• [ACTION ITEM] Every line of the records below from the line with "Λευκοκυτταρικός τύπος Μονοκύτταρα" up to and including the line with "X-ray from human hands" must be reproduced exactly, and no line outside that range.

[DATASET CONTENT Boundary: Start]

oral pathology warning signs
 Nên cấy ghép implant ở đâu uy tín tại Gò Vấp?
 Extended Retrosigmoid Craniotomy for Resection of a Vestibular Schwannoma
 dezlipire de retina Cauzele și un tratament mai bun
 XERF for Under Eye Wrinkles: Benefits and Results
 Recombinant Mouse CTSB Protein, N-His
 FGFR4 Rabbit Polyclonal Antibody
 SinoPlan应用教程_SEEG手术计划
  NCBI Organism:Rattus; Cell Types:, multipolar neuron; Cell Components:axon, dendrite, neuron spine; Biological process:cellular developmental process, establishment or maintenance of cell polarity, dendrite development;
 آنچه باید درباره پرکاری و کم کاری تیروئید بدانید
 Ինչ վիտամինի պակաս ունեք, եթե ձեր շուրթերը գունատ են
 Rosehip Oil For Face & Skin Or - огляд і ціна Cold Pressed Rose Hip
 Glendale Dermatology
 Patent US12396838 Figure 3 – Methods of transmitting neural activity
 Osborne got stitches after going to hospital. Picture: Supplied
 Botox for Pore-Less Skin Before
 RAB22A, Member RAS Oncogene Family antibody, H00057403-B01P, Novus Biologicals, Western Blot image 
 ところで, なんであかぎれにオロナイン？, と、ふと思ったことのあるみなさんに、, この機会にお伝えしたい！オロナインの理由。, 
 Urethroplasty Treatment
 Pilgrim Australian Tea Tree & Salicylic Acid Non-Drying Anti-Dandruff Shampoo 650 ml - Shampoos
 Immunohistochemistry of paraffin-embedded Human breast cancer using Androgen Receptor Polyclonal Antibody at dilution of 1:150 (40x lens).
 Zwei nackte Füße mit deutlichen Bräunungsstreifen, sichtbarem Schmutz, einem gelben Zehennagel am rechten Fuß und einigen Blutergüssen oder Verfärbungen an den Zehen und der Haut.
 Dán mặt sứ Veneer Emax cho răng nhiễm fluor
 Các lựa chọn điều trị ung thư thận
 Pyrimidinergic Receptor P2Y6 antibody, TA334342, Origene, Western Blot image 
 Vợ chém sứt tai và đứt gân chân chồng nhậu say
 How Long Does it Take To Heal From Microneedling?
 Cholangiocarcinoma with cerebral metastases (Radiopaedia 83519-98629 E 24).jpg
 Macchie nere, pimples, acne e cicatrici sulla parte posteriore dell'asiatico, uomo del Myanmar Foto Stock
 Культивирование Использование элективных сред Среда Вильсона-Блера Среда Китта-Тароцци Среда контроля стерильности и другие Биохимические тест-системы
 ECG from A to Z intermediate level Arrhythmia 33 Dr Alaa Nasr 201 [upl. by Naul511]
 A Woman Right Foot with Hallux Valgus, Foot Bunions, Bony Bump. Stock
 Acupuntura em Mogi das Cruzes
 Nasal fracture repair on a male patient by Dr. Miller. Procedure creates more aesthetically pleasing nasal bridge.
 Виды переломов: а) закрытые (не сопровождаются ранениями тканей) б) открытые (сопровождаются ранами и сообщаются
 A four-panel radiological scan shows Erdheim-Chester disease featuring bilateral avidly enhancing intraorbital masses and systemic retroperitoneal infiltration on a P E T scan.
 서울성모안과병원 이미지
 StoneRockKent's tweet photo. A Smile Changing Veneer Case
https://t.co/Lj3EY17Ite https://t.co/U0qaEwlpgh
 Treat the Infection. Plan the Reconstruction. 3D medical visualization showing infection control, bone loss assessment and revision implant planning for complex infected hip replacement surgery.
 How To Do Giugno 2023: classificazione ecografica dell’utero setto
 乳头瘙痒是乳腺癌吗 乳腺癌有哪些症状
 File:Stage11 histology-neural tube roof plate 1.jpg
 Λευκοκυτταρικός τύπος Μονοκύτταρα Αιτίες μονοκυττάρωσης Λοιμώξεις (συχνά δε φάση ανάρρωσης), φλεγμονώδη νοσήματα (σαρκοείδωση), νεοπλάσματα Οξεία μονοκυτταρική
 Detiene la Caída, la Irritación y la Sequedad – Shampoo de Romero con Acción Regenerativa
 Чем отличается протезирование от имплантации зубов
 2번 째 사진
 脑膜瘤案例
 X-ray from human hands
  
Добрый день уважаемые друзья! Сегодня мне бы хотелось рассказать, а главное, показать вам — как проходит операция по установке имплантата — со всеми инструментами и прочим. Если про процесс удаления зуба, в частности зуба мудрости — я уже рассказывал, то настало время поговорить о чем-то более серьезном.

[DATASET CONTENT Boundary: End]

• [ANSWER SECTION]
 Λευκοκυτταρικός τύπος Μονοκύτταρα Αιτίες μονοκυττάρωσης Λοιμώξεις (συχνά δε φάση ανάρρωσης), φλεγμονώδη νοσήματα (σαρκοείδωση), νεοπλάσματα Οξεία μονοκυτταρική
 Detiene la Caída, la Irritación y la Sequedad – Shampoo de Romero con Acción Regenerativa
 Чем отличается протезирование от имплантации зубов
 2번 째 사진
 脑膜瘤案例
 X-ray from human hands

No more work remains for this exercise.